Dışarıda güzel bi karanlık vardı, güneşin doğmasına 1 saat var diye düşündük. Etrafta dolanmaya başladık. Hava iyice soğuktu artık, sonra Deutsche Bank'a girdik ısındık biraz, tekrar çıktık bi süre denizi aradık, o ara sokakları gezmiş olduk, yavaştan dükkanlar açılmaya başladı, güzel kokular geliyodu her yerden. Bi şekilde bi info noktası bulduk, haritayı inceledik, denizden pek uzak değildik, sonra dümdüz yürüdük de deniz tarafına vardık. Ama hava çok karanlıktı, Murad da karanlıkta denizden pek haz etmiyomuş, dalgalar bizi içine çeker, dedi, tamam dedim. Güneşin doğmasını bekledik bi süre ama hava çok az aydınlandı sadece sonra da hiç bi değişim olmadı. Sonra şöyle bi kalktık baktık da fark ettik meğer güneş doğmuş, ama üzerimizde çok büyük ve çok kalın bi bulut tabakası varmış. Böyle ufukta bi yede bulutların arasından gerçek gökyüzü görünüyodu yani, hava aydınlık güzel aslında yukarda, ama işte Cuxhaven topraklarında gece gibi her yer. Sonra sahile doğru yürüdük deniz kıyısına vardık. Kuzey Denizi vardı, çok sakindi her yer. Güzelmiş ya, sevdim ben ama çok soğuktu, yorgunduk uykuluyduk, gene de güzeldi. Biraz daha dolandık sonra gittik BackWERK'te bişiler yedik çay içtik, sabah oldu iyice, çok az daha aydınlandı hava. Sonra gara erken gittik belki daha önce bi tren vardır diye, hakikaten de varmış, 9 buçuk trenine bindik, uyuklaya uyuklaya eve döndük.

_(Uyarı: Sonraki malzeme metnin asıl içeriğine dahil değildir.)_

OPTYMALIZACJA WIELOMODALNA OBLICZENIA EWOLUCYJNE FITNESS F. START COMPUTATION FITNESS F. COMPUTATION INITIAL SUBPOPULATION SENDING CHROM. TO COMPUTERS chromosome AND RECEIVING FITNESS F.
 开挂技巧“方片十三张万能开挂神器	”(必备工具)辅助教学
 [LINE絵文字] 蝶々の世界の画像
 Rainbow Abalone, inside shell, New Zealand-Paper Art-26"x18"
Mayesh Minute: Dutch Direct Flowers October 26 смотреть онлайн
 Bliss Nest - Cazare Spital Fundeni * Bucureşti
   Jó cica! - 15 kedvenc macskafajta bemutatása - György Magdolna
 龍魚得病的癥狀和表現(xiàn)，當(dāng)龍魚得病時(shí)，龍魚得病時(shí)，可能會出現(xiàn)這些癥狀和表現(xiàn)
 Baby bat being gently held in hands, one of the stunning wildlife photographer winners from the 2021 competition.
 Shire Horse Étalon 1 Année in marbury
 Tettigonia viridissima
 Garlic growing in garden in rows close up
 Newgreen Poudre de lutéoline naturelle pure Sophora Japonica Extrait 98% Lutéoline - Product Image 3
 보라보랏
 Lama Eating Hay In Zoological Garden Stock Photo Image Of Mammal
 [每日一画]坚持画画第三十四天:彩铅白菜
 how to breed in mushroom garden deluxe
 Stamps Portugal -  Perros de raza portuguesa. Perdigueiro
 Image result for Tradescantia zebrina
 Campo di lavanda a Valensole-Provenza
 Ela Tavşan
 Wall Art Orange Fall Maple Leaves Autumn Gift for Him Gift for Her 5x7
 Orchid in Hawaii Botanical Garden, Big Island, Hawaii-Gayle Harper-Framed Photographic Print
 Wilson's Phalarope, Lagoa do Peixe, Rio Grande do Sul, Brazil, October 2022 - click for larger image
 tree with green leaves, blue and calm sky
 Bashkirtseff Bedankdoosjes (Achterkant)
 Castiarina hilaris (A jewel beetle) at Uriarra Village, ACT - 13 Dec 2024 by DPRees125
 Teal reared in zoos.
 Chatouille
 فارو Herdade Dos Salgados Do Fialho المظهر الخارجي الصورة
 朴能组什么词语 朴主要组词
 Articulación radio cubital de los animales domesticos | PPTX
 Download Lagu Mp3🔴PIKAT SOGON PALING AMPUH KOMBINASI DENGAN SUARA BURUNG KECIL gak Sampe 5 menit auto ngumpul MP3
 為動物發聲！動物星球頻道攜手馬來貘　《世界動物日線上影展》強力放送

Murad bundan sonra hiçbi yere gitmiyceğini evden de dışarı çıkmıycağını söyledi son söz olarak, ben de bundan sonra daha çok dışarı çıkmaya karar verdim ama kesinlikle atkı alıcam.

2 yorum:

KIZÇOCUĞU dedi ki...

bi şey dicem de, benim Fransa'daykene bir telefon kulübesinde sabahladığımı hatırlar mısın? aynı absürt saatler, aynı soğuk insanlar, aynı çaresizlik. Şimdi biz bütün Erasmuslar nasıl oluyor da aynı deneyimleri yaşıyoruz ?
Bir muamma ki sorma.

Unknown dedi ki...

Hatırlamam mı, o zaman içimden demiştim ki: "Yaw böyle nasıl bi delidir bu çocuklar, ben anaları babaları olsam pata küte girişirdim, akıllar bir karış havada."

Fekat hayatın çok çekici bir kokusu varmış bazen işte.